I am sorry to disappoint the noble Lord, Lord Waldegrave. I was a very young Labour politician in 1970; I did all I could to stop Ted Heath being elected, and failed. The important point the noble Lord, Lord Waldegrave, made is that we must do something about wild accusations being made against public figures, often without any basis at all. The noble Lord, Lord Cormack, referred to this. Have we not woken up—as a system—to the fact that we have to have Ministers who challenge the advice they get, who say to people “This is what we are being told numerous times by Members of Parliament, Peers and members of the public who are coming to us and bringing forward real questions about what the state is doing and what it has got wrong and asking why it can’t respond”? How many more times, as the noble Lord, Lord Cormack, said, do we have to have a Post Office? How many more times, as the noble Lord, Lord Dobbs, said, do we have to have another Hillsborough, or a Bloody Sunday, or many of the other scandals that we have seen? It takes decades, request after request and demand after demand before the state wakes up and answers the questions that are posed to it.

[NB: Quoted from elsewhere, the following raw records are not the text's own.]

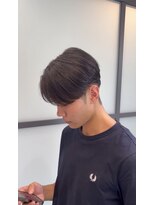 エクシア 心斎橋(EXCIA)&nbsp;乾かしただけで決まるセンターパート
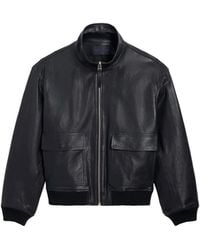 Proenza Schouler - Sterling Bomber Jacket - Lyst
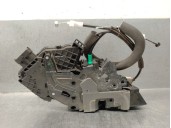 Replacement front right door lock for Jaguar F-Pace (X761) 2.0 TD4 AWD OEM IAM reference HK83203A28JC T4A10215 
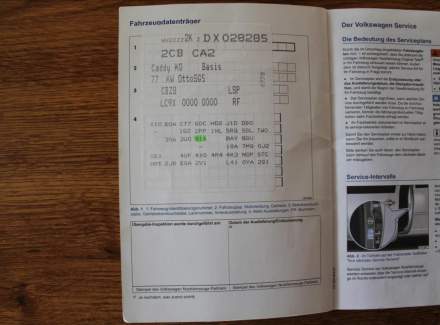 Volkswagen - Caddy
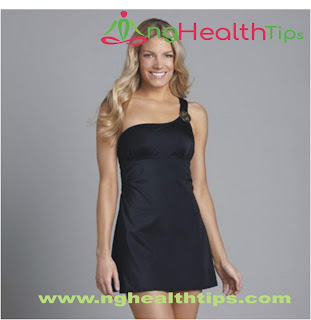 Plus Size Swimsuit Tips For Post-Baby Women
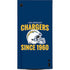 NFL Los Angeles Chargers Helmet XBox Series X Digital Edition Console Skin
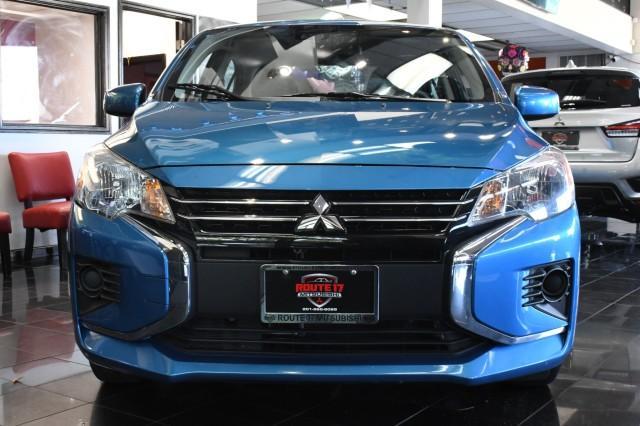 used 2023 Mitsubishi Mirage G4 car, priced at $14,295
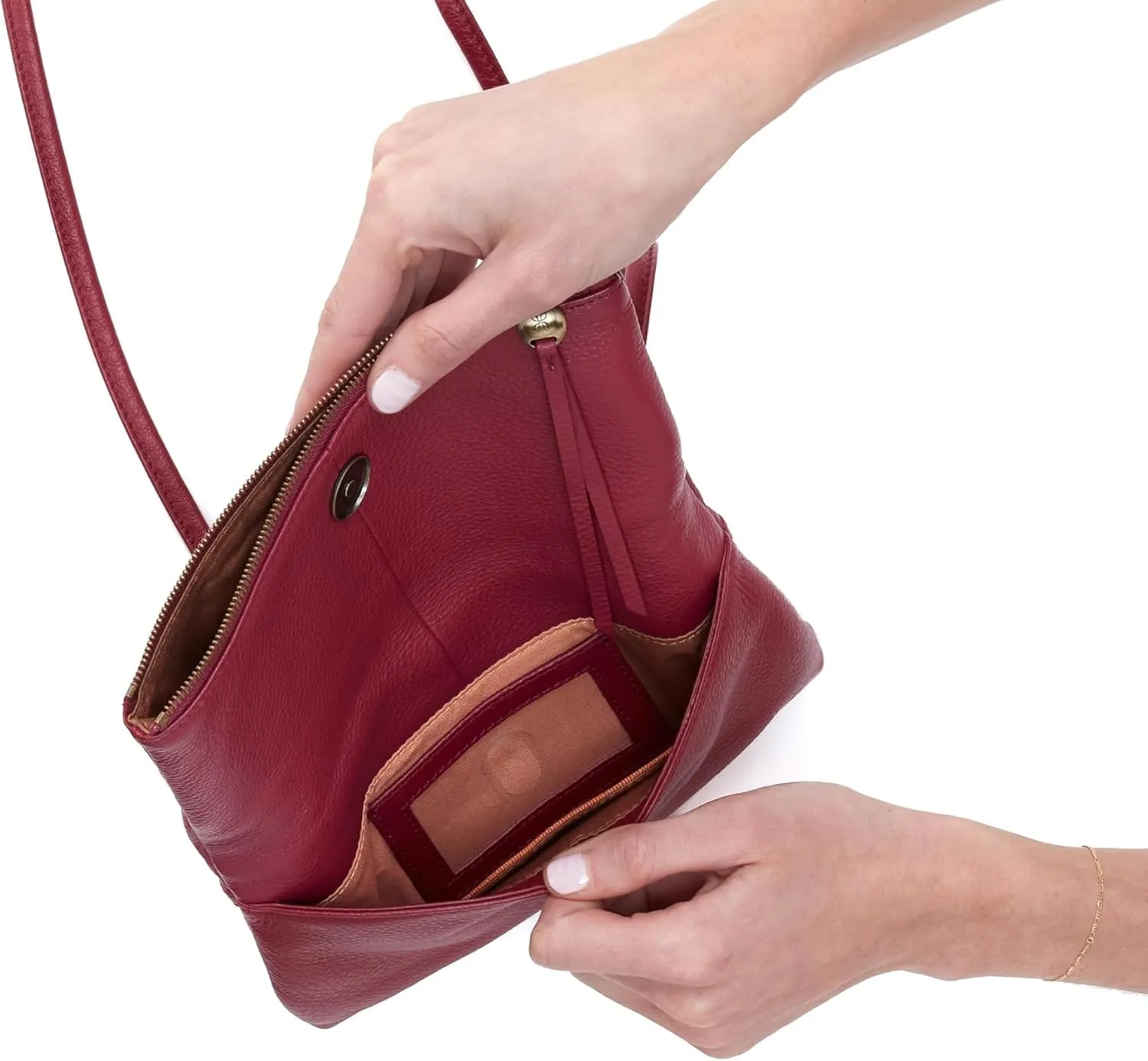 HOBO Grant Small Crossbody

Why does it take so long? If the noble Lord, Lord Lexden, is wrong, why not expose that information and evidence, and have it out in public so that we can see it and come to a determination? Surely a former Prime Minister of this country deserves the justice that would be brought about by looking at all the evidence to determine how it is.

We simply cannot have the situation in the report— I was reading it again as the debate went on and looked through it, and the noble Lord, Lord Macdonald, pointed it out to us. I do not know the world everyone lives in but, to me certainly, as soon as you say you will interview someone under caution, then, in the court of public opinion, the person has something to answer. That is the reality of it: the aspersions cast on the reputation of a man.

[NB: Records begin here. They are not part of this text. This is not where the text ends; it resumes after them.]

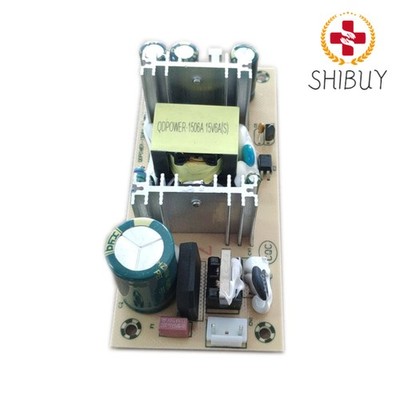 AC100-240V To DC15V 90W Buck Switching Power Module 15V 6A Power Supply Board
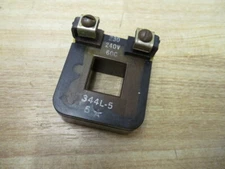 Joslyn Clark Sylvania 344-L5 Coil 344L5 230/240V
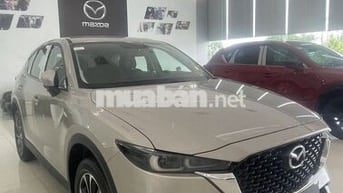 Mazda CX-5 Deluxe-E vàng ánh kim 5 chỗ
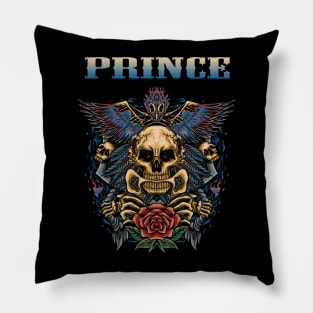 PRINCE ROGERS NELSON BAND Pillow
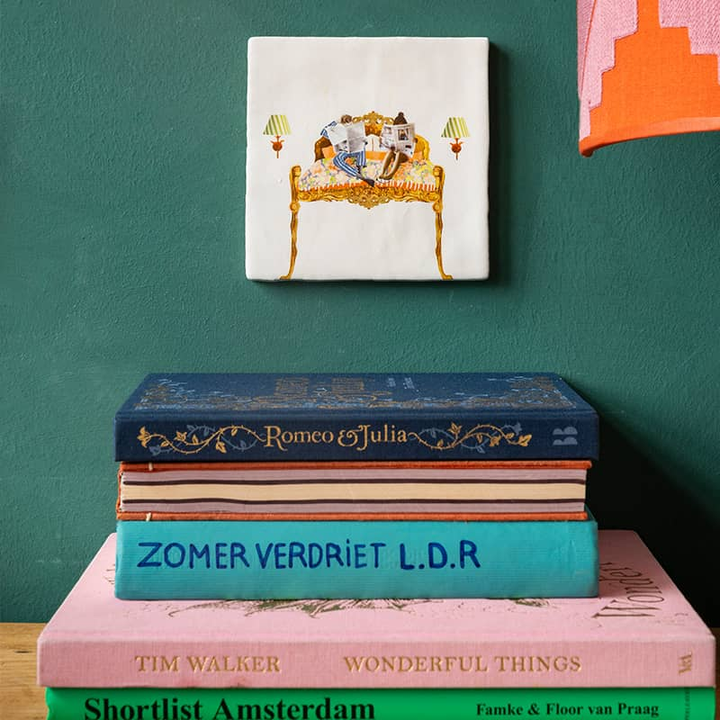 Storytiles - Beste begin van de dag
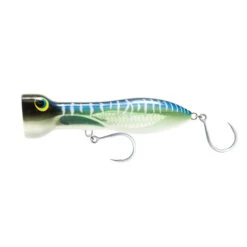 NOMAD DESIGN CHUG NORRIS POPPER -Fishing Product Shop Nomad Chug Norris Spanish Mackerel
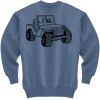 Unisex Ecosmart® Crewneck Sweatshirt Thumbnail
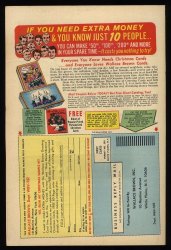 Back Cover Amazing Spider-Man 76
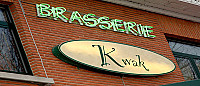 Brasserie Kwak inside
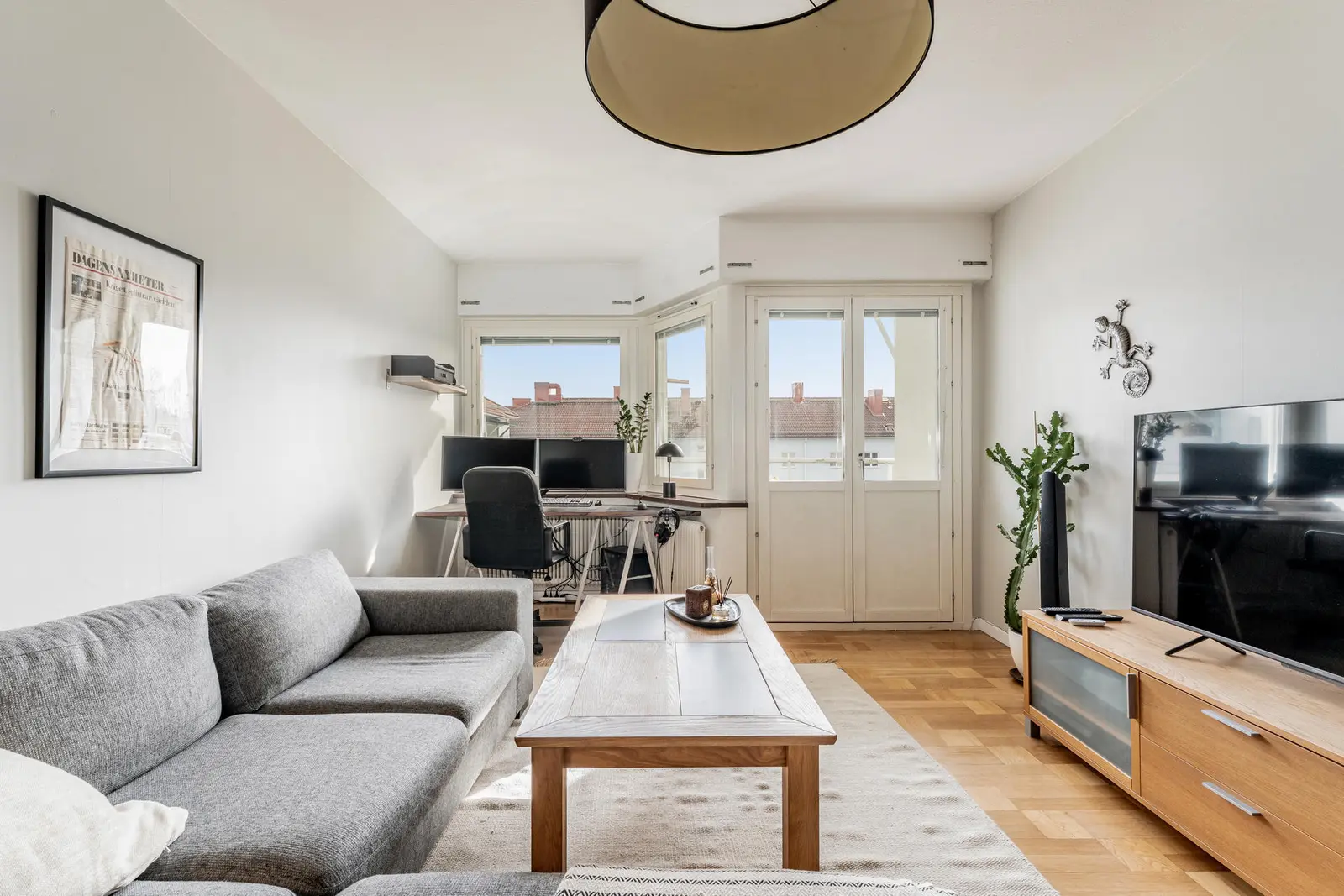Bild 1 av 21 på Industrigatan 21B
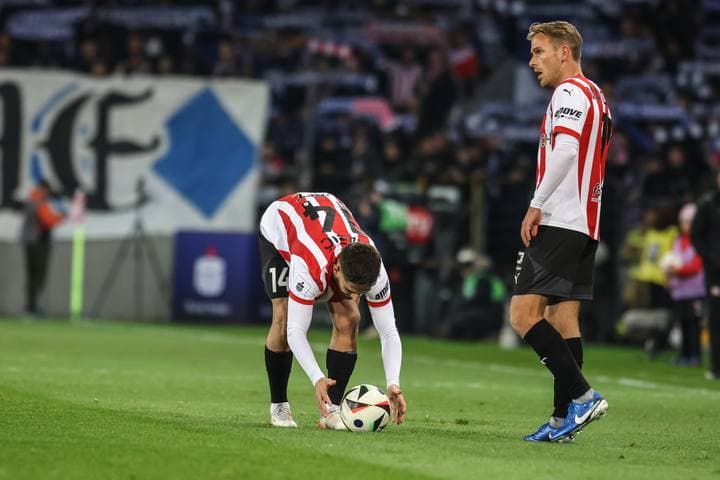 2024/2025 PKO BP EKSTRAKLASA CRACOVIA - LECH POZNAN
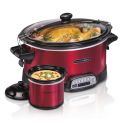 Hamilton Beach (33478) 7-Quart Stay-or-Go Programmable Slow Cooker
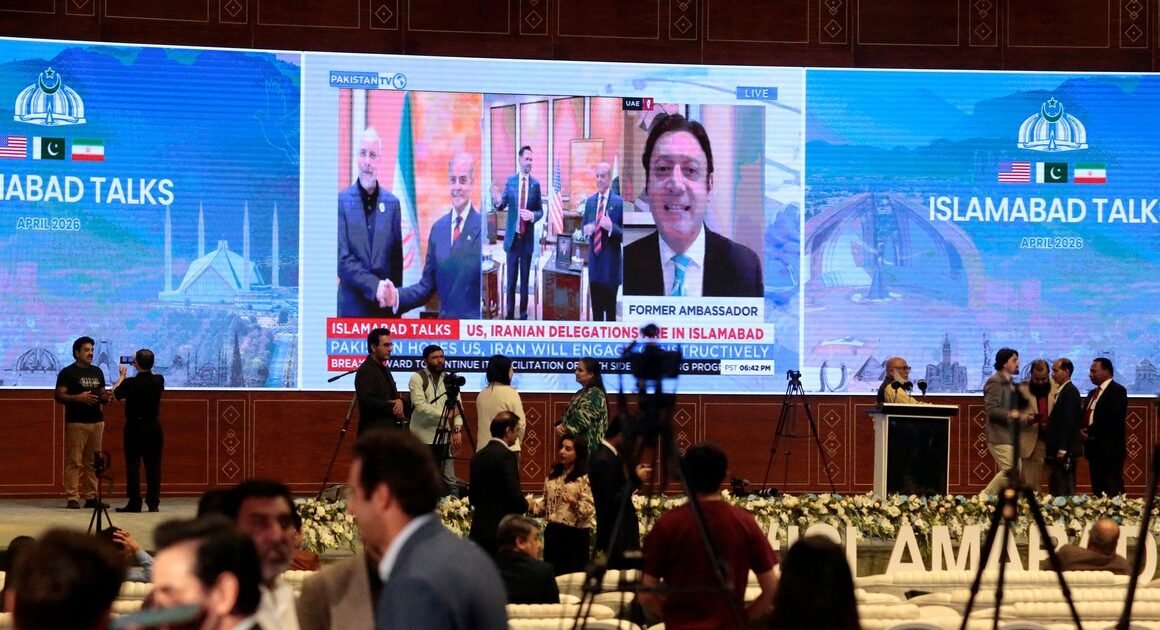 CUỘC ĐẠI ĐÀM PHÁN GIỮA MỸ VÀ IRAN ĐANG DỌC THEO, CHỜ ĐỢI NHÂN ĐÚNG ĐIỀU GÌ SẼ XẢY RA?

Of course, the police say, “This doesn’t mean they are guilty; it doesn’t mean anything”, but the noble Lord, Lord Macdonald, as a former Director of Public Prosecutions, was absolutely right to point out that, as soon as that is said, people say, “No smoke without fire”, “Nothing to see here—oh, really?”, et cetera. A former Prime Minister of this country—in fact, anybody, from somebody living on an estate somewhere to someone holding the highest office—deserves better than that. It is simply not good enough, and something needs to be done.

What are we depending on? I am glad that the noble Lord, Lord Butler, is in his place. He made a very important point in the Question that the noble Lord, Lord Lexden, had towards the end of October— I will be corrected if I get this wrong. He pointed out that the case rests on a fantasist who is now in jail. A former Prime Minister of our country is suffering this slur to his reputation on the basis, originally, as I understand it, of a man who is now in jail for perverting the course of justice. Is that really what we want to base this on? The second leg of it is a former chief constable who was moved to Cleveland, then made to leave because of misconduct. A disgraced former chief constable and somebody now in jail for perverting the course of justice are the two major pillars upon which this is based. Is that really satisfactory to all of us?

Wiltshire Police investigated itself. How can that be seen to be right? I cannot remember which noble Lord pointed out that justice not only has to be done but be seen to be done. I suggest that, having one disgraced person in jail and one disgraced former chief constable as the main pillars of that, a police force which is investigating itself, whatever the rights and wrongs of a public inquiry, surely brings us all to the point where we question how the state has operated with respect to a former Prime Minister.

I finish by repeating the point made by the noble Lord, Lord Lexden: let us see the Minister take this debate to the new Home Secretary, ask him to reconsider and come back to this Chamber with his decision. Surely a former Prime Minister deserves at least that.